§ **TASK GOAL**
The entries below contain pictures. Write out only the lines from the line with "So there you" up to and including the line with "After the code", exactly, without them.

§ **THE DATA**
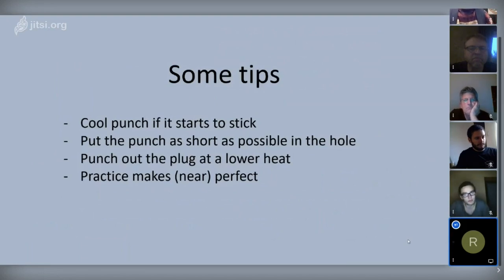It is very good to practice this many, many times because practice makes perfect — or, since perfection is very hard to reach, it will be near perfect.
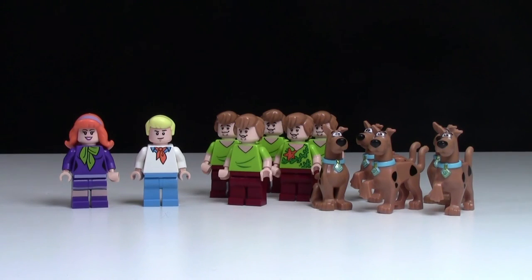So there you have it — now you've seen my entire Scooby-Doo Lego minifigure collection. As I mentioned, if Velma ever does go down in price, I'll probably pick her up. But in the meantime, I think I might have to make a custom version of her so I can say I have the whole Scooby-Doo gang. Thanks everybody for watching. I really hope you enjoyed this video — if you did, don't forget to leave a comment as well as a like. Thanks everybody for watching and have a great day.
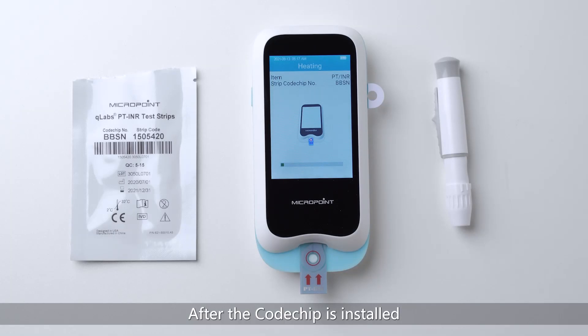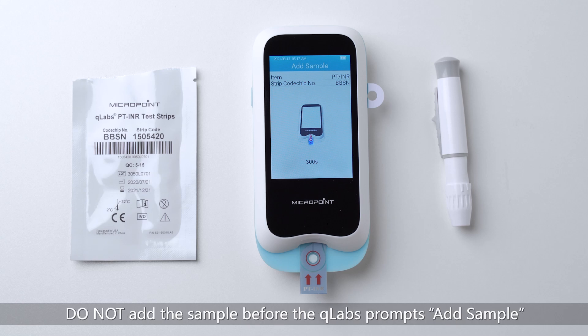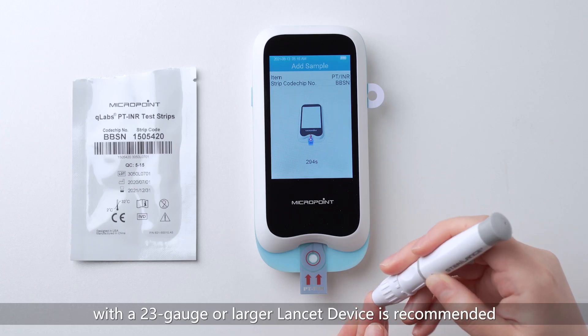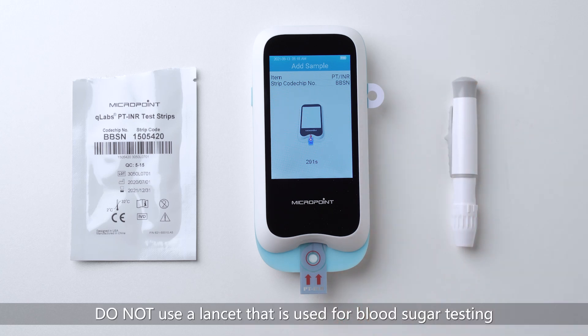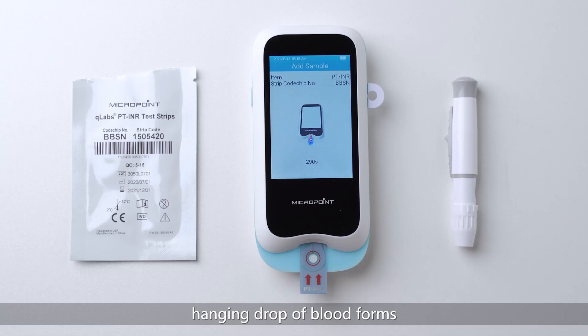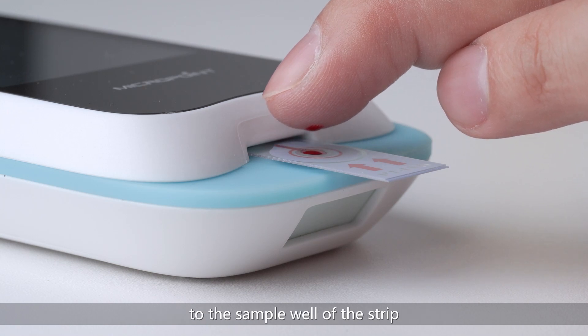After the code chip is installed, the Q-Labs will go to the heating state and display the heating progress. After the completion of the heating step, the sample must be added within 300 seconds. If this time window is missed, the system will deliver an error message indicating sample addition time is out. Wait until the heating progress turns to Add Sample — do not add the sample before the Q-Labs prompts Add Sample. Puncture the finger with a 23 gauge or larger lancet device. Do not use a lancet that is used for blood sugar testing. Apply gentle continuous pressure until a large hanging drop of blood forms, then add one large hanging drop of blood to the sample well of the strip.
---
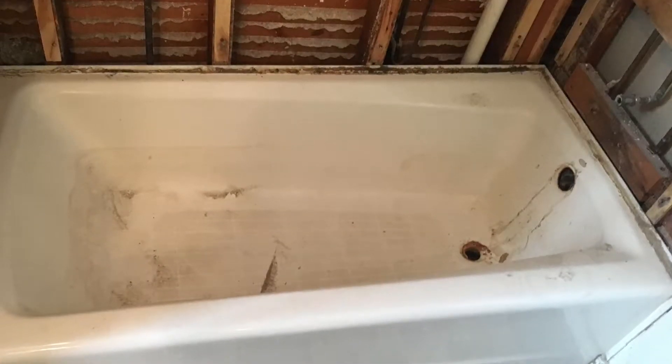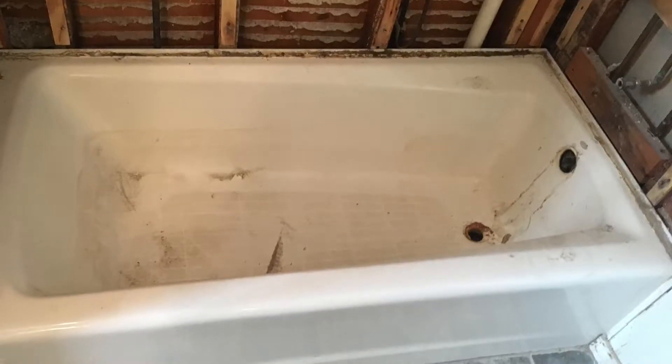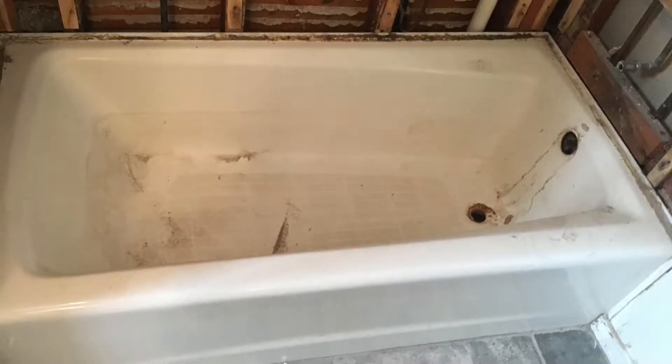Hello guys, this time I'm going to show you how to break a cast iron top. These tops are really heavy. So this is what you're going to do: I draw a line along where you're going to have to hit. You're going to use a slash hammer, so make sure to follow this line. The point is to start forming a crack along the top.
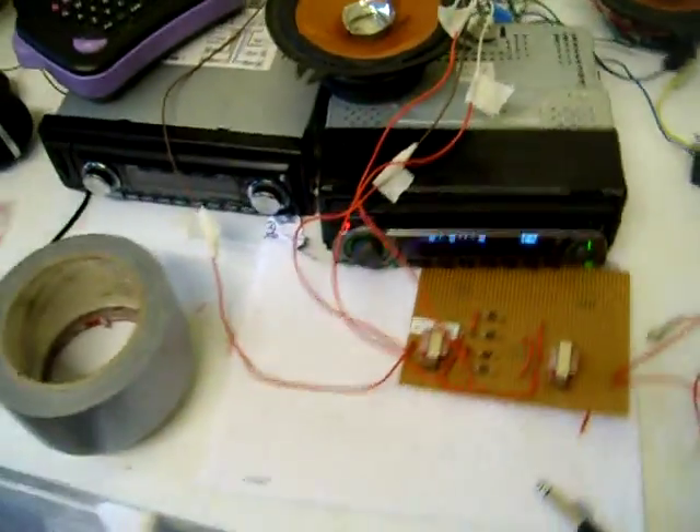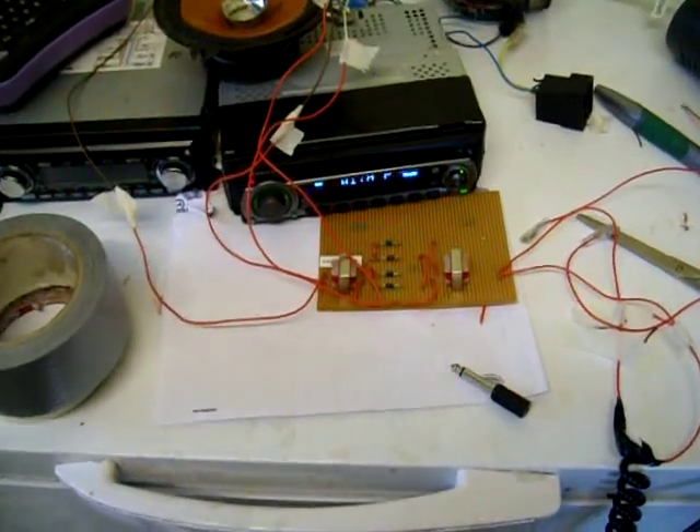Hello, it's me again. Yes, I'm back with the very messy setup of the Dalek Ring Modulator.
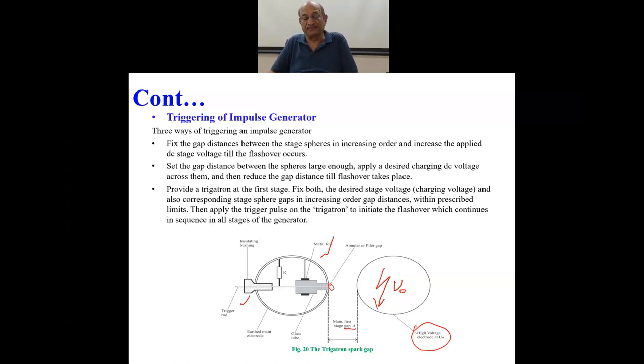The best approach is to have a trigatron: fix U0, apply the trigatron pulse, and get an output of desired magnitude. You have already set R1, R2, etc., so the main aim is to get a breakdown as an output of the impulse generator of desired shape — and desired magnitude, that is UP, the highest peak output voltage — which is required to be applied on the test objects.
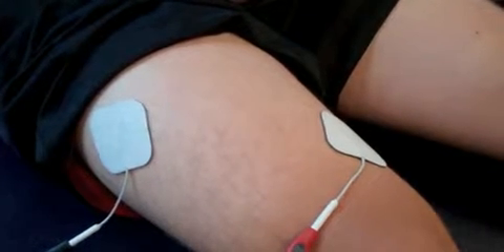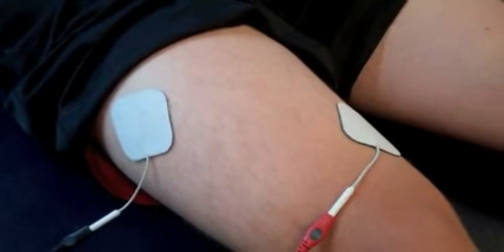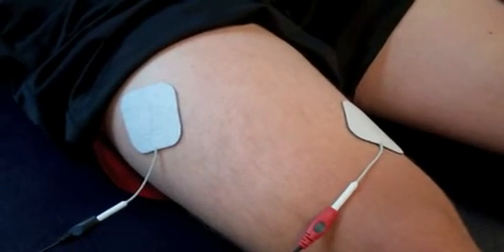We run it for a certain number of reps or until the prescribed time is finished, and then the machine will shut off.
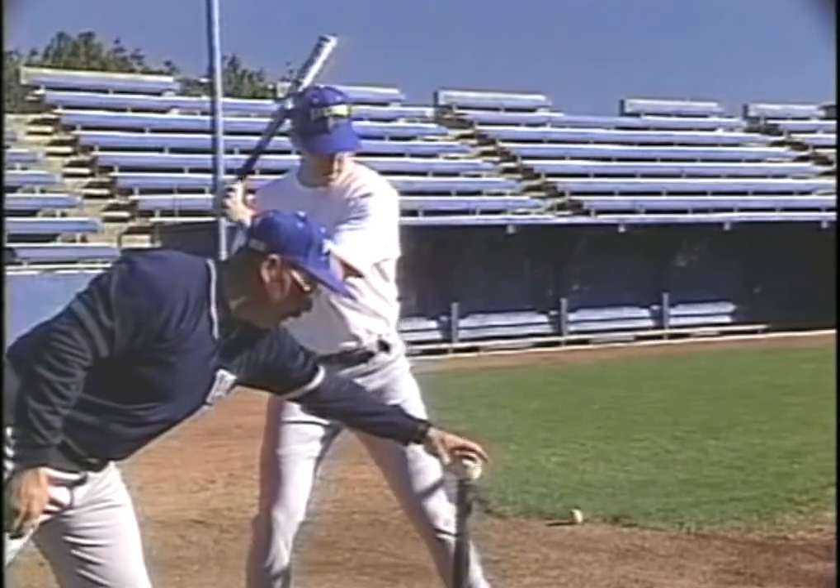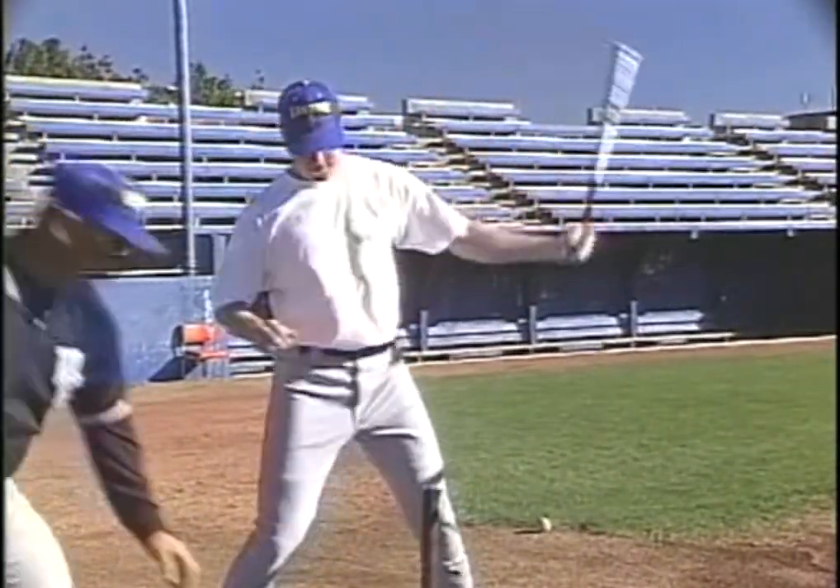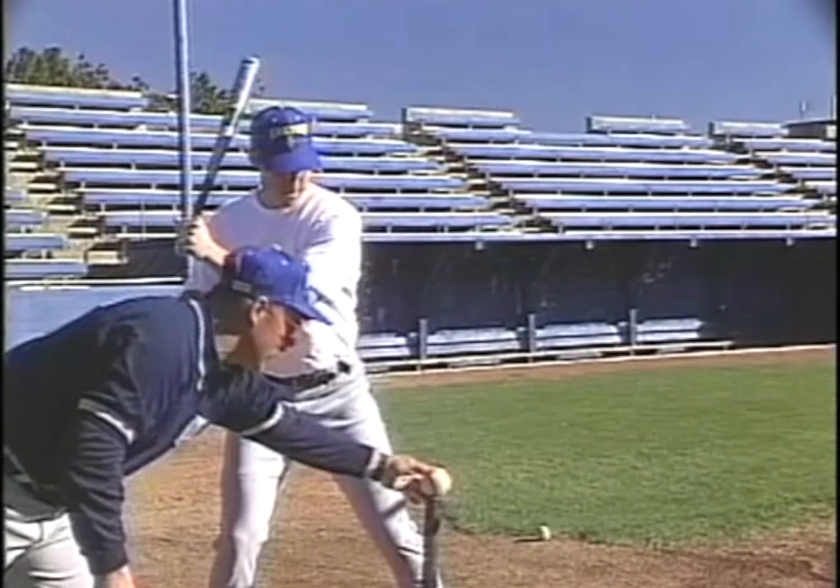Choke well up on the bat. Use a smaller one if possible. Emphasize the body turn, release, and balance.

§ **EXERCISE RESPONSE**
So there you have it — now you've seen my entire Scooby-Doo Lego minifigure collection. As I mentioned, if Velma ever does go down in price, I'll probably pick her up. But in the meantime, I think I might have to make a custom version of her so I can say I have the whole Scooby-Doo gang. Thanks everybody for watching. I really hope you enjoyed this video — if you did, don't forget to leave a comment as well as a like. Thanks everybody for watching and have a great day.
After the code chip is installed, the Q-Labs will go to the heating state and display the heating progress. After the completion of the heating step, the sample must be added within 300 seconds. If this time window is missed, the system will deliver an error message indicating sample addition time is out. Wait until the heating progress turns to Add Sample — do not add the sample before the Q-Labs prompts Add Sample. Puncture the finger with a 23 gauge or larger lancet device. Do not use a lancet that is used for blood sugar testing. Apply gentle continuous pressure until a large hanging drop of blood forms, then add one large hanging drop of blood to the sample well of the strip.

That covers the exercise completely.